Fit and construction
There was a time when any kind of performance shoe felt terrible for the first few weeks, causing the wearer intense discomfort, a little pain and offering a distinct lack of sensitivity. I’ve been known to do daily ten minute stints in front of the TV having prized new shoes on with the help of carrier bags, in the hope they’d be wearable for 15-20 minute bursts at the weekend. Not anymore. The Oracles, like many other cutting-edge performance shoes available today, felt great straight out of the box.
This owes partly to the Oracle being a relatively soft shoe. Softer models tend to need less breaking in than stiffer shoes, but a few key features help to dial the Oracle down further for a great fit. There’s the now familiar ‘love bump’ that Evolv brought in with the Shaman several years ago. This is a raised area on the sole of the footbed that fills the dead space under the big toe – giving a more aggressive profile and helping to retain the down turn. Then there is the lacing – which is the key feature that makes its debut in the Evolv range with this shoe. The speed lacing system means the rear of the shoe is pulled in nicely and this gives a snug, secure feeling to the whole shoe. A micro cord disappears into the back of the heel and is smoothed along where it meets the laces by small plastic eyelets at both sides.
Lace ups have always had a bit of an edge on slippers or Velcros in terms of getting the fit just right, but this additional feature helps you to get that extra bit of security around the heel. When testing the shoes, I found this little innovation payed dividends on boulder problems that involved aggressive heel hooking and foot-toe jams.
The laces extend far enough down the length of the foot, but not so far that they will get mashed up on toe hooks. They are protected by the upper, though I do wonder how much wear and tear the delicate looking plastic inserts at the top of the micro cord can take. Build quality, however, seems good all round, and the lacing really does make getting them on and off much easier than other lace ups that use a more traditional system.
The Oracle does a pretty impressive job of covering all bases, in terms of performance sport, bouldering and trad climbing. Unlike many lace up models, the rubber toe patch is extensive and gives coverage high enough up the forefoot for all manner of toe hooks. This is a nice change from other lace ups which include a small and rather useless patch of toe rubber that doesn’t do much.

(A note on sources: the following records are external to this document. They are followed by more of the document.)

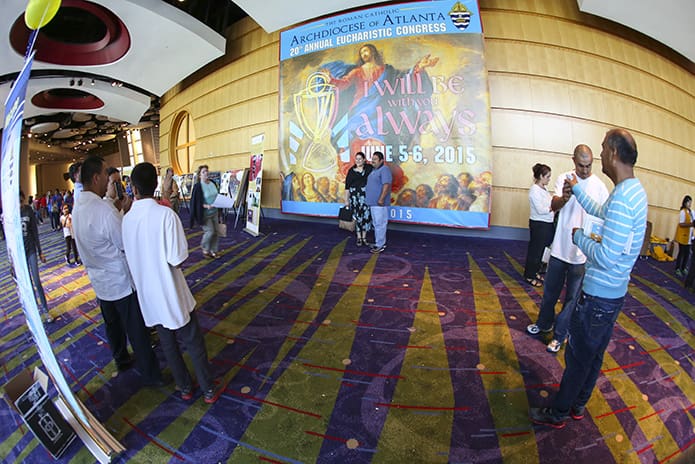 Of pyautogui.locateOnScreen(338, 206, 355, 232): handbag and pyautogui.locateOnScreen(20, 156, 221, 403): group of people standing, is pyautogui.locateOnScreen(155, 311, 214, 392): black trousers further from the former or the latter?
pyautogui.locateOnScreen(338, 206, 355, 232): handbag

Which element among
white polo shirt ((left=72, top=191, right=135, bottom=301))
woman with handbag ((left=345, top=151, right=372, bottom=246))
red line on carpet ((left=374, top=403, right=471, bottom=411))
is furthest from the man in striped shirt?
woman with handbag ((left=345, top=151, right=372, bottom=246))

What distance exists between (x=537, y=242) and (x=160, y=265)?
378 centimetres

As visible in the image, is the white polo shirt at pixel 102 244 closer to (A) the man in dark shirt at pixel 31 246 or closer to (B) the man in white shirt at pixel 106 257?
(B) the man in white shirt at pixel 106 257

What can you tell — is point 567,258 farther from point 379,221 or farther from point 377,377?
point 379,221

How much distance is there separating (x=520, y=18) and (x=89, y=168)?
22.2ft

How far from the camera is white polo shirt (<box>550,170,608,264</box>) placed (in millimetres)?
2170

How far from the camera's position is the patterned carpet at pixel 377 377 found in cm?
158

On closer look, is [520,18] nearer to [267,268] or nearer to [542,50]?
[542,50]

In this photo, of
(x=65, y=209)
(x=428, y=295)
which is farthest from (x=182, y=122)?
(x=428, y=295)

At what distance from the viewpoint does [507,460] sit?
4.88 ft

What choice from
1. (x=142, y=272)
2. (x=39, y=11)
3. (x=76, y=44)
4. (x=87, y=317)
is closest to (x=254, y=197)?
(x=87, y=317)

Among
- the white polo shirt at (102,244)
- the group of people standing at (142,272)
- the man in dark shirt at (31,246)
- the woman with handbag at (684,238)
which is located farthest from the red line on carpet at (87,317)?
the woman with handbag at (684,238)

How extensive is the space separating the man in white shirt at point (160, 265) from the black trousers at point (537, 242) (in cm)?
357

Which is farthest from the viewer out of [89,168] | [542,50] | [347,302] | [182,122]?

At first I wondered whether the Oracle would be too soft for limestone edging. On the sport routes of Portland and the trad climbs of Pembroke it took a while to get used to this, because I would normally be wearing a stiffer shoe for this sort of thing. However, once I learned to trust them I found they didn’t let me down on small edges.
Part of this confidence came from the rubber. The 4.2mm Trax SAS feels as sticky and responsive as anything I’ve tried. Evolv rubber has tended to be a little softer than some others – more akin to Stealth or Vibram XS grip than the firmer compounds such as Vibram XS edge. For me this is a benefit, as I prefer a softer, stickier compound in all but the hottest conditions. This does mean the shoes may wear a bit quicker for some climbers – particularly those who are heavier and put more weight through their feet.

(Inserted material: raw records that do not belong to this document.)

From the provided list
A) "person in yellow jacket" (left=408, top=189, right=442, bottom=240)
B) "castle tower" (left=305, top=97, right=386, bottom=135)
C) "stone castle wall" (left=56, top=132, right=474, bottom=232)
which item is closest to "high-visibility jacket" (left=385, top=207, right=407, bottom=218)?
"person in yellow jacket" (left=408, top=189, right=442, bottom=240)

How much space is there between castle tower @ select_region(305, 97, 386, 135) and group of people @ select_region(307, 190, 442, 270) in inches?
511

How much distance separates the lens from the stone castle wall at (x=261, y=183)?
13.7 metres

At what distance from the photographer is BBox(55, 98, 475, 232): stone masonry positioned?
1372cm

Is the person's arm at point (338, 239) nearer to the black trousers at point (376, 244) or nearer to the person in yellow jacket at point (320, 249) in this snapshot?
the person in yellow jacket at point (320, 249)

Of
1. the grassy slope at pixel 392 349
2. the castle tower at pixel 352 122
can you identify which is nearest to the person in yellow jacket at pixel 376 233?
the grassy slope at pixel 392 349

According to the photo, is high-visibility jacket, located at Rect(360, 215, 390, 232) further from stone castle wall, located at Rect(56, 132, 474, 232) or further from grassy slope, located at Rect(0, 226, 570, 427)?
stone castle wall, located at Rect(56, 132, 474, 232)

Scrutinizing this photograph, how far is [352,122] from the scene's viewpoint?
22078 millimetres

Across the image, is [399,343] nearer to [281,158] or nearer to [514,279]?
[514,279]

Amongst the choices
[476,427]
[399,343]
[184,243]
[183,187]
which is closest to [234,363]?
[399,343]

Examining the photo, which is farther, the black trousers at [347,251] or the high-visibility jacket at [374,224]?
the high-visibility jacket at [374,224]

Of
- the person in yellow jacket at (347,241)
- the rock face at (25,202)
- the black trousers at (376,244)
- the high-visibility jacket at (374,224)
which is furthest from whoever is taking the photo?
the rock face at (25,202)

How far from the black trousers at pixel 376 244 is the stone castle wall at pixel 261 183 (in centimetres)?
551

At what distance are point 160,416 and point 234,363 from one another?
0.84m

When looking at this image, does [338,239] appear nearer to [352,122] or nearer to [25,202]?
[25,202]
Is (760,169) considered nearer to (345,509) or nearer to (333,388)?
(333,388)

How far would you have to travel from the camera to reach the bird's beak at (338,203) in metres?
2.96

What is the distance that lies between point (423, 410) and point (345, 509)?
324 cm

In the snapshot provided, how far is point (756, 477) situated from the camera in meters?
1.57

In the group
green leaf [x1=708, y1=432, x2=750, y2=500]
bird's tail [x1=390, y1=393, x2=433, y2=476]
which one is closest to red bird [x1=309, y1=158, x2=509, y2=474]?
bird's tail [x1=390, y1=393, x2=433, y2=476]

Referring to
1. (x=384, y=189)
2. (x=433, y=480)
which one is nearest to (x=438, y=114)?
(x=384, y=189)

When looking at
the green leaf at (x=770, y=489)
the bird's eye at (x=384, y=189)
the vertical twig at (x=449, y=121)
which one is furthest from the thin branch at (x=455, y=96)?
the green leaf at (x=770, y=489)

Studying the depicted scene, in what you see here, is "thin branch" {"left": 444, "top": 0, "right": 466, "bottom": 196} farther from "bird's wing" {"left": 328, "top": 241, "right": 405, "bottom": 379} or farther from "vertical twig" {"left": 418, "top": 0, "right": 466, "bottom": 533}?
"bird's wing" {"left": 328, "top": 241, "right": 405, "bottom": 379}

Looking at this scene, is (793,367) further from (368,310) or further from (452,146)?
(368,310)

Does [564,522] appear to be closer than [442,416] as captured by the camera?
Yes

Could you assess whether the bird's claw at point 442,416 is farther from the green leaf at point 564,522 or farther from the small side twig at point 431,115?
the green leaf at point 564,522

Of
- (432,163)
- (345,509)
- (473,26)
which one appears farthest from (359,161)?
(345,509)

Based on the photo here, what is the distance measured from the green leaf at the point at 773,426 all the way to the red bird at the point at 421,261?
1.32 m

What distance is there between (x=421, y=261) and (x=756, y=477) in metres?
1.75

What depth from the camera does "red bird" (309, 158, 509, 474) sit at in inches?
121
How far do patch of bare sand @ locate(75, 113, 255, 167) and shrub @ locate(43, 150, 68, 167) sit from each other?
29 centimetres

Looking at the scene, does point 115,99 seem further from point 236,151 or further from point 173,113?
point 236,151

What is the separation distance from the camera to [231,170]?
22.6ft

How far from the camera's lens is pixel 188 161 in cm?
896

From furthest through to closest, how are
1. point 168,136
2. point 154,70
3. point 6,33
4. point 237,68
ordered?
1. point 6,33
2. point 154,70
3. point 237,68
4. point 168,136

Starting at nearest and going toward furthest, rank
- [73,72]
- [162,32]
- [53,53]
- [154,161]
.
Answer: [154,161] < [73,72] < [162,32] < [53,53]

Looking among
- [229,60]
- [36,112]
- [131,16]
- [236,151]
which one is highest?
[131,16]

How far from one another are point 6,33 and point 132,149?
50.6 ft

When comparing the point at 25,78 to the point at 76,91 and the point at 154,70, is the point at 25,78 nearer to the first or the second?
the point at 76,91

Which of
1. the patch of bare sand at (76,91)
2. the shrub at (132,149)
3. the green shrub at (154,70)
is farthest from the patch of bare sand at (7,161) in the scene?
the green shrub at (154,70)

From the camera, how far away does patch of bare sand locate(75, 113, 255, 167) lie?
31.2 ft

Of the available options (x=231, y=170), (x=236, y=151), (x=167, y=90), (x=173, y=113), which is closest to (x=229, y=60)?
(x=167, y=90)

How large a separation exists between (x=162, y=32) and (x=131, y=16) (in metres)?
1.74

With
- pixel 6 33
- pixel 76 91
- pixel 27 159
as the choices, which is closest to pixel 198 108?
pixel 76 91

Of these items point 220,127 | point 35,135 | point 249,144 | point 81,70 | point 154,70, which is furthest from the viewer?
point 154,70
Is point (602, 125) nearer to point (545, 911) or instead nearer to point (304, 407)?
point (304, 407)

The toe box felt very similar to that of the Shaman, which many readers will be familiar with. As Evolv’s most successful shoe, this seems like a good shape to copy and I’ve found it drives a nice balance between a pointed toe and a decent inner edge for standing on small, err, edges.

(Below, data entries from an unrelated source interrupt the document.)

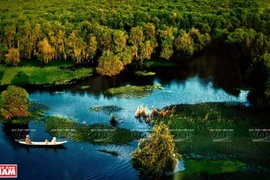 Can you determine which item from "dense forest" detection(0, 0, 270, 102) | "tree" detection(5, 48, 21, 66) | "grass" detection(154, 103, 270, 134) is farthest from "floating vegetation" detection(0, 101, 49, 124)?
"tree" detection(5, 48, 21, 66)

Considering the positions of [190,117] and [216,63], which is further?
[216,63]

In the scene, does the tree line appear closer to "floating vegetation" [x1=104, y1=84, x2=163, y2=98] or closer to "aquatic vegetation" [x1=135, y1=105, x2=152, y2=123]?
"floating vegetation" [x1=104, y1=84, x2=163, y2=98]

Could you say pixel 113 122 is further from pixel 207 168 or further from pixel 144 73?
pixel 144 73

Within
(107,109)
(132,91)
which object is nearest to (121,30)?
(132,91)

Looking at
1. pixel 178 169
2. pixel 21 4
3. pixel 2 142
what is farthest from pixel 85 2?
pixel 178 169

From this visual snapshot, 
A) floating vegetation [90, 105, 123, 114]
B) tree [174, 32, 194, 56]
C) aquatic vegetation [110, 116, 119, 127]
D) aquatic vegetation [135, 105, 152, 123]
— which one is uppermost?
tree [174, 32, 194, 56]

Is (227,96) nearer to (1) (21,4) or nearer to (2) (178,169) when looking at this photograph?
(2) (178,169) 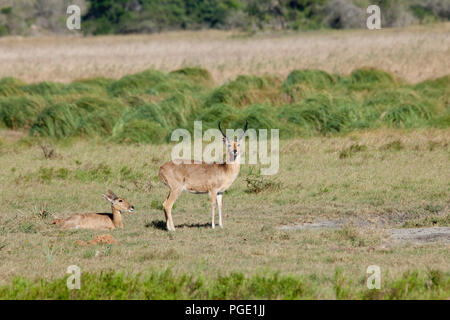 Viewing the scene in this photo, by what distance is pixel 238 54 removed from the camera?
130 ft

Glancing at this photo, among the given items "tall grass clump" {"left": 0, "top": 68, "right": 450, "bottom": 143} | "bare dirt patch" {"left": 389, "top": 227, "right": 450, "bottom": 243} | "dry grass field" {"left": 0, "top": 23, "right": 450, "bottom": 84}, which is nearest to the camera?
"bare dirt patch" {"left": 389, "top": 227, "right": 450, "bottom": 243}

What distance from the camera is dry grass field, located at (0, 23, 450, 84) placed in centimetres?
3156

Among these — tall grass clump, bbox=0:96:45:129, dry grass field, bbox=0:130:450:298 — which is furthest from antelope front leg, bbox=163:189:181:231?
tall grass clump, bbox=0:96:45:129

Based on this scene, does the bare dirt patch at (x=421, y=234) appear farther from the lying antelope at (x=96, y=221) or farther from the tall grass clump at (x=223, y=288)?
the lying antelope at (x=96, y=221)

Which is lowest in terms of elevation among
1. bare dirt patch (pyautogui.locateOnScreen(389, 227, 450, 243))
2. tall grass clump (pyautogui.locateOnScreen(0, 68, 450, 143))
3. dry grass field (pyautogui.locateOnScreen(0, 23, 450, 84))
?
bare dirt patch (pyautogui.locateOnScreen(389, 227, 450, 243))

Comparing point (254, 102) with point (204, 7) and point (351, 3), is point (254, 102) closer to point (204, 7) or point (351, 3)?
point (351, 3)

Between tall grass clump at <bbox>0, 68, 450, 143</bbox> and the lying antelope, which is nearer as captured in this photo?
the lying antelope

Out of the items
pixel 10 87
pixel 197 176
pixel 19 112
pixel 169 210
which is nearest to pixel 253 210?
pixel 197 176

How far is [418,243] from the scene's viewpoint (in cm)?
967

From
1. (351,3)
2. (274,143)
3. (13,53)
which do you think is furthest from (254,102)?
(351,3)

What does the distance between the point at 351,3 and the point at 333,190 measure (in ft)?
153

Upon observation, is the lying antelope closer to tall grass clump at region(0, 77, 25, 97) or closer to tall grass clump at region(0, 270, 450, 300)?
tall grass clump at region(0, 270, 450, 300)

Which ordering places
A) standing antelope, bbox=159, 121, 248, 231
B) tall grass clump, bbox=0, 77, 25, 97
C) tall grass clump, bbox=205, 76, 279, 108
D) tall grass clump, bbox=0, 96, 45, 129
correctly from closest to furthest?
standing antelope, bbox=159, 121, 248, 231
tall grass clump, bbox=0, 96, 45, 129
tall grass clump, bbox=205, 76, 279, 108
tall grass clump, bbox=0, 77, 25, 97

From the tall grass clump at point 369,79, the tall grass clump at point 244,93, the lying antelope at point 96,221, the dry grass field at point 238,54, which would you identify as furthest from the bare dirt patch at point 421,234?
the dry grass field at point 238,54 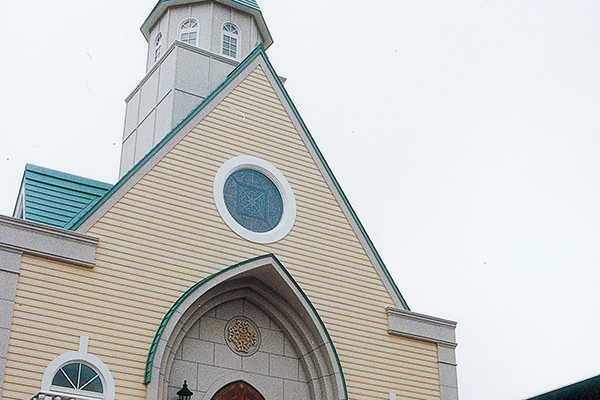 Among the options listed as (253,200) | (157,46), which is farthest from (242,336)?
(157,46)

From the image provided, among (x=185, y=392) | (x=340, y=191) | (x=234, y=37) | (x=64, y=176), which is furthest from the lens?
(x=234, y=37)

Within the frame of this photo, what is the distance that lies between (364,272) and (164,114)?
665 cm

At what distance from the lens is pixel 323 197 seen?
64.4 feet

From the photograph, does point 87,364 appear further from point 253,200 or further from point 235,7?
point 235,7

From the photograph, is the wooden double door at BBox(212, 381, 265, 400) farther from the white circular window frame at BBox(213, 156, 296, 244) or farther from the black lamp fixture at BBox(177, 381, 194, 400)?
the white circular window frame at BBox(213, 156, 296, 244)

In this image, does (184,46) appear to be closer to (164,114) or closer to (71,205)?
(164,114)

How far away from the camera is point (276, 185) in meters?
19.2

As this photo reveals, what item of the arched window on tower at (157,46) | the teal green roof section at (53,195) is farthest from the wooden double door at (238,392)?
the arched window on tower at (157,46)

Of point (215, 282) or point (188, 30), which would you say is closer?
point (215, 282)

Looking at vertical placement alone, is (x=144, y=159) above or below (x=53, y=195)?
above

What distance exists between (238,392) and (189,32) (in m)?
10.9

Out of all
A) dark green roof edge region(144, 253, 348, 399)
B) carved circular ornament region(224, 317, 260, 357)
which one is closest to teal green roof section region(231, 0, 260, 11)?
dark green roof edge region(144, 253, 348, 399)

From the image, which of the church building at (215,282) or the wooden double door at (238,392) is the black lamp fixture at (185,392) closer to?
the church building at (215,282)

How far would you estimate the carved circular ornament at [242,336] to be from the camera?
17609mm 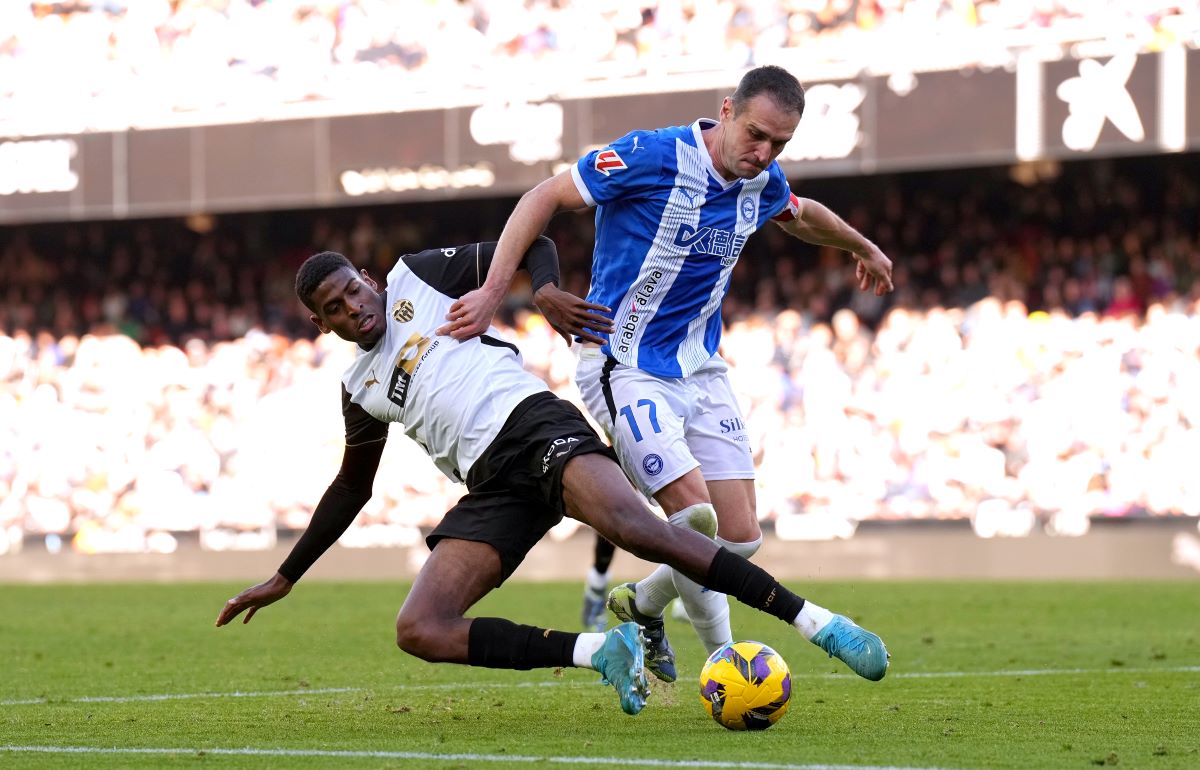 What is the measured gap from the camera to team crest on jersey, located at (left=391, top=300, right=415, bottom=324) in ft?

As the name would suggest, the Oracle is a shoe that can answer nearly all the questions asked of it in the vertical arena. It has become my current go to shoe for route climbing, but it’s equally at home in the wall. You may prefer the convenience of Velcro – particularly if you do a lot of indoor climbing or training. If so you might find the Evolv X1 worth a look. But if you want a performance all-rounder, the precision fit given by the lace system, and the all-round versatility of the Oracle is hard to beat.